Why Therapeutic Nutrition Matters
Our diets and the foods we eat can have a massive impact on our mental health, so it is crucial to fill our plates and stomachs with nutrient-rich foods. The standard American diet (SAD), which is also sometimes referred to as the Western diet, is characterized by a high intake of red meat, processed foods, sweets, and fried foods. It is high in sugar and fat, and is highly processed overall. Studies have shown that when comparing the standard American diet to more “traditional” diets, such as the Mediterranean Diet—which is higher in fruits and vegetables and does not contain processed foods—the risk of depression is 25% to 35% lower.
We can develop nutritional deficiencies when we lack the vital nutrients our body needs to function properly, and these nutritional deficiencies can affect both our physical and mental wellbeing. For example, magnesium deficiency can lead to irritability, anxiety, and sleep disorders, among other symptoms. Iron deficiency, which is the most common nutritional deficiency in the world, can lead to symptoms of depression, as well as extreme fatigue, apathy, and poor concentration. Data suggests individuals deficient in Vitamin D may experience symptoms of depression as well. Other vitamins and minerals that play important roles in cognitive function include B vitamins and Omega-3 fatty acids.

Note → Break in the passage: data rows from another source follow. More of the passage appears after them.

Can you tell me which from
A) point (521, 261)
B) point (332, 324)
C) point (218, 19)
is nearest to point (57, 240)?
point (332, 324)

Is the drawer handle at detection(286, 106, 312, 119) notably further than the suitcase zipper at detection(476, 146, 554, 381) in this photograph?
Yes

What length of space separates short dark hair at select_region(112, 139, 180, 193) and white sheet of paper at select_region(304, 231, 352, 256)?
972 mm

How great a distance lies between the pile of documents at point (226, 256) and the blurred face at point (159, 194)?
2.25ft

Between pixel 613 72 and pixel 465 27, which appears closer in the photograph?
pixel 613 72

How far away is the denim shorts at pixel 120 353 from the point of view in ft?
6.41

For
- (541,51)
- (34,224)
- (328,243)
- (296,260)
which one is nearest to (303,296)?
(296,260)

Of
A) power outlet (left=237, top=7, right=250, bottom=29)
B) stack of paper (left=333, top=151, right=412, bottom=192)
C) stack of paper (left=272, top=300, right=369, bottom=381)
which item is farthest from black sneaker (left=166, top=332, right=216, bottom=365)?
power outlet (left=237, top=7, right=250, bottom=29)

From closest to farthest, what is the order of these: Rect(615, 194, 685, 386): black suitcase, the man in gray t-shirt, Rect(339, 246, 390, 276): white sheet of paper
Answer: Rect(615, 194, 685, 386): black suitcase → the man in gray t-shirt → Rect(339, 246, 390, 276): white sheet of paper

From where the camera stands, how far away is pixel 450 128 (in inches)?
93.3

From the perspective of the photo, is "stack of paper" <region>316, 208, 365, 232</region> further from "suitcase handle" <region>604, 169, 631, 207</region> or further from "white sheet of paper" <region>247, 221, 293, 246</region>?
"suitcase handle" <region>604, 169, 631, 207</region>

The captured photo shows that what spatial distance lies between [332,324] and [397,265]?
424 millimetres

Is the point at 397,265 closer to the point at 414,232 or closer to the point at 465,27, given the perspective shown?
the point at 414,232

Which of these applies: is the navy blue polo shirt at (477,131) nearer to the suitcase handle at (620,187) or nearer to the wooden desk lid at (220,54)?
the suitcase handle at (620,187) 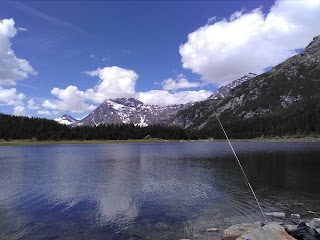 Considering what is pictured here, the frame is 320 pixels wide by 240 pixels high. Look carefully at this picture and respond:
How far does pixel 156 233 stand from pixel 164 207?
9.77 meters

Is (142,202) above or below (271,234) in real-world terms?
below

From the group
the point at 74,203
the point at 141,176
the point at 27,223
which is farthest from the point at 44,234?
the point at 141,176

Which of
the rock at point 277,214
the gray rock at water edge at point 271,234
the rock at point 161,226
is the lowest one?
the rock at point 161,226

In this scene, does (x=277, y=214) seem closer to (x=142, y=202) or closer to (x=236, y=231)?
(x=236, y=231)

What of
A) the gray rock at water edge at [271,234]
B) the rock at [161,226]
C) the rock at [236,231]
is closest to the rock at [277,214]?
the rock at [236,231]

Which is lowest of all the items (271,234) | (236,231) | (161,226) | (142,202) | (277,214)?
(161,226)

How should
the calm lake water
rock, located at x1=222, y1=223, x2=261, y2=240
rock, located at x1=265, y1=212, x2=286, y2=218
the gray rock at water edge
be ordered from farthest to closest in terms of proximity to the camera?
rock, located at x1=265, y1=212, x2=286, y2=218 < the calm lake water < rock, located at x1=222, y1=223, x2=261, y2=240 < the gray rock at water edge

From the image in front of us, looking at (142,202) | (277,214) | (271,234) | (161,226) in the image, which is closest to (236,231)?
(271,234)

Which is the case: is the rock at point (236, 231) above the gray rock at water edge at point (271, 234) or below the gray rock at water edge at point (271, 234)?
below

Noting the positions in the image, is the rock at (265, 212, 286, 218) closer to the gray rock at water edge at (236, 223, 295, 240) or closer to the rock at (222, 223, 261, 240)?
the rock at (222, 223, 261, 240)

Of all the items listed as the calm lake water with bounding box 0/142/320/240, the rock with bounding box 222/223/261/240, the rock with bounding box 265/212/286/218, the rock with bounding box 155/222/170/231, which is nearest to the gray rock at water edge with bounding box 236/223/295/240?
the rock with bounding box 222/223/261/240

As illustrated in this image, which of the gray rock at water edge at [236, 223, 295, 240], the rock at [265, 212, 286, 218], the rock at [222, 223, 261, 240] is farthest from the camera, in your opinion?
the rock at [265, 212, 286, 218]

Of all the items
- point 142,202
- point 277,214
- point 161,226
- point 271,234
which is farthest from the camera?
point 142,202

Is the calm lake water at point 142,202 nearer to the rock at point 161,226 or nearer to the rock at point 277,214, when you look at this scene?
the rock at point 161,226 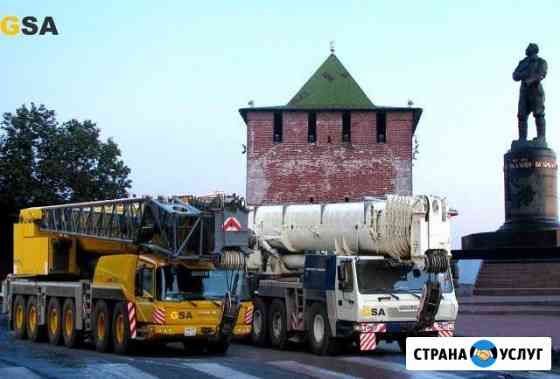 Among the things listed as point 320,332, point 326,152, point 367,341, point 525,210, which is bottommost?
point 367,341

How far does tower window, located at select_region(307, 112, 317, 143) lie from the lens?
186ft

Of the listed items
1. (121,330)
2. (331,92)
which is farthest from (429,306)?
(331,92)

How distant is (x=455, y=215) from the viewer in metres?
19.5

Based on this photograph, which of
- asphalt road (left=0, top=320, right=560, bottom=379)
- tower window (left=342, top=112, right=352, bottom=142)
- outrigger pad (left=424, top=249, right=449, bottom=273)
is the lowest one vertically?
asphalt road (left=0, top=320, right=560, bottom=379)

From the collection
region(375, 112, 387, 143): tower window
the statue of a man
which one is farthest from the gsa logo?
region(375, 112, 387, 143): tower window

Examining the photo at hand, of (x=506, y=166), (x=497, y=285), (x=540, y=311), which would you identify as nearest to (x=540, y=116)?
(x=506, y=166)

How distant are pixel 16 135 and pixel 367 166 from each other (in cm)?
2106

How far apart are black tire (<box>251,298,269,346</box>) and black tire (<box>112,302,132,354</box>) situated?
11.1 ft

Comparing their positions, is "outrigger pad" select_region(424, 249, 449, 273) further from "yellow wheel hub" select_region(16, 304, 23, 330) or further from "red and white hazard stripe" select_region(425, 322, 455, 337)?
"yellow wheel hub" select_region(16, 304, 23, 330)

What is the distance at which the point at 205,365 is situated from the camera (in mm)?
16172

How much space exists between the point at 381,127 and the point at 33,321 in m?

It is crucial to establish a baseline of health founded on a nutritionally dense diet through therapeutic nutrition. Supplements may be able to fill in nutritional gaps, but diets high in sugar and processed foods can cause inflammation and disruption throughout the mind and body that cannot be masked or treated by a handful of supplements. A balanced diet through therapeutic nutrition is a key component of recovery from addiction and to support sustained mental wellbeing.
As a certified yoga instructor, Stephanie will instruct group yoga, breathwork, and meditation sessions, all of which were highly beneficial during her own personal recovery journey.
Benefits of Holistic Exercise
Holistic exercise, particularly when coupled with therapeutic nutrition, can have profound effects on a person’s physical, mental, and emotional wellbeing. Holistic exercises such as breathwork, yoga, and meditation are anchored by the practice of mindfulness, which has been proven to have a multitude of positive effects on the mind and body.
Benefits of holistic exercise include:
- Reduces stress
- Improves cognition
- Reduces anxiety
- Boosts energy levels
- Reduces chronic pain
- Improves mood
- Improves sleep
Despite being ancient traditions, much clinical research has been done in recent years on the benefits and impact of mindfulness and holistic exercise to treat a myriad of conditions, including substance abuse and addiction. In a study on the effectiveness of mindfulness-based interventions (MBIs) on substance abuse disorders, researchers included 24 studies from 2011 to 2014, to review current evidence on the therapeutic efficacy of MBIs for substance use and misuse (SUM.)
Their findings state:
Current evidence suggests that MBIs can reduce the consumption of several substances including alcohol, cocaine, amphetamines, marijuana, cigarettes, and opiates to a significantly greater extent than waitlist controls, non-specific educational support groups, and some specific control groups.
Holistic exercise also complements therapeutic nutrition in its ability to improve digestion. Stress can greatly impact our body’s ability to digest food properly, and is even linked to some of the most common gastrointestinal issues that plague many people each day, such as Irritable Bowel Syndrome (IBS). Through stress-reducing practices like yoga, meditation, and mindful eating, which is the practice of reducing distractions and being full attentive to your food while eating, our gut, along with the rest of us, can maintain a more relaxed state, which allows for more normal digestive processes and assimilation.